In pursuit of my first Olive-backed pipit of the season previously heard but not seen I went up to the top, an insistence largely due to stubborness rather than common sense, for a windfall of birds should not be expected after a cold front had reached three days before. No birds added to morning's list but lots of hikers and big tents and temporary toilets for the coming Oxfam trailwalkers' annual race.

Fifteen minutes down from the top I saw a single Grey-throated minivet which soon followed by others, not a noisy lot creating an unawareness in me unill I heard and saw a Fortailed sunbird, a Yellow-cheeked tit and lots of Rufous-capped babblers. It was then that I detected a flycatcher with a greyish blue breast with a black collar fringing the upper side - a Black-naped monarch. A sideway facing away revealed a light brown upperbody telling me it being a first winter male. It was nice to see its kind again fanning out its tail. The biggest bird in the vincinity was a Black-winged cuckoo shrike which failed to distract me for I was in pursuit of something new for my season's  list of the region. And I was satisfied when I got sight of a flycatcher which orange throat and breast, my first Mugimaki around the area. It was the next good bird that was hard to come by. I was already more than fifteen minutes with the birdwave. I was walking down the road following the birds, again and again Grey throated minivets mingled just with a single female Scarlet. My attention was then turned to smaller birds, almost always Rufous-capped babblers until I saw a warbler reminisent of ioras I saw in Fraser's Hills. No, not quite like when I saw its thick black crown stripes, together with its virtually yellow underbody with clear yellow greater covert wing bar, good enough to convince myself but insufficent to uphold my record that it was a Sulphur-breasted warbler before the prestigious record committee members.

S L Tai

[ Last edited by tsheunglai at 13/11/2011 20:43 ]


17th Nov 2011

It was my second chance to bird on a weekday in as many months. I snatched it up without a second thought.
Would there me good birds awaiting me?

It was the nineteenth bird which was a Black-naped Monarch. However, it was seen at nearly extreme distance affording little pleasure. It was foraging just under the canopy in the shade, barely identifiable with the help of some logical elimination. While walking in light rain, I couldn't help noticing that Fortailed sunbirds had increased in number in marked difference to October. Their two typical calls were heard every now and then. I also spent some time self-reproaching for subjective willfulness of seeing White-breasted kingfishers again after about six years, thus blinding myself until I saw with clear sight that they were some vociferous Blue magpies.

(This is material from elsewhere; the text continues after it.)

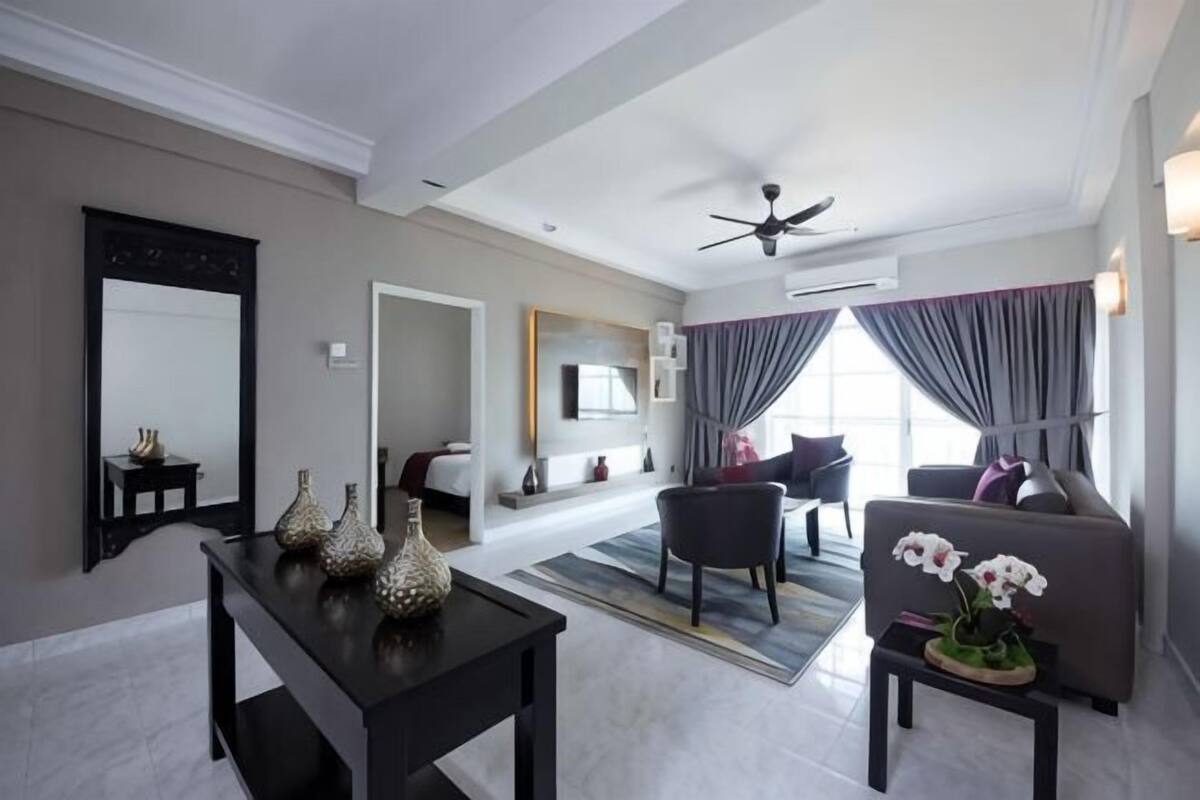 A modern living room with a sofa, a coffee table, and decorative vases.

Though enjoying no good haul of birds, I cannot help but to inform my readers that the area have increased in the number of species seen or heard which exceeded thirty for the past two weeks, being 37 last week.

S L Tai

[ Last edited by tsheunglai at 18/11/2011 20:10 ]


Interesting to compare this with Po Toi.

Fork-tailed Sunbirds arrive on Po Toi in early November as you can see from this chart

Some stay through to early March. Avifauna suggests these are dispersals but I wonder if they are migrants come from further north somewhere.

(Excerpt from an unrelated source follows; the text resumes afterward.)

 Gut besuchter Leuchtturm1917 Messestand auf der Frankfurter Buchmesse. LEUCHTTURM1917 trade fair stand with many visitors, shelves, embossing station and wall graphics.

I haven't seen a White-throated Kingfisher on Po Toi for nearly two years, they used to be regular. I remember Bena Smith mentioning they are getting rarer at Mai Po.

And this is the peak time of the year for species on Po Toi also.

[ Last edited by wgeoff at 18/11/2011 21:36 ]


Dear Geoff

Thank you for showing your statistics. I am used to record birds according to order of seeing or hearing
them. Fork-tailed sunbirds have become quite noticeable with their crisp calls, summitting on Thursday when I birded in the area of Shing Mum, at least fivefold than October. You see, now I can easily bump into one in a birdwave. I at the moment presume that they are short distance migrants from perhaps eastern half of Yangtse River and south of it.

My record or according to my memory, to be more accurate, reveals that I have only seen White-breasted kingfisher once.

Your sudden reply has given me an injection of extra birding spirit.

Cheers and continue to share!

S L Tai

[ Last edited by tsheunglai at 19/11/2011 20:11 ]


28th November 2011

The weather was good. Cool refreshing North to North-easterly wind with pale blue sky was just 19 degree celsius. Could it be better? It was quite well matched with the forest birds I found.

At seven twenty nine near the road barrier the Ashy drongo (previously seen) was giving out its typical calls of Ap-ip-ip, Ap-ip-ip ... and near-perfect minmicking of Crested goshawk's cold-type of chuckling. It did not stay long. In five minutes when I returned further along the catchment I saw it flying away with weak ip...ip calls.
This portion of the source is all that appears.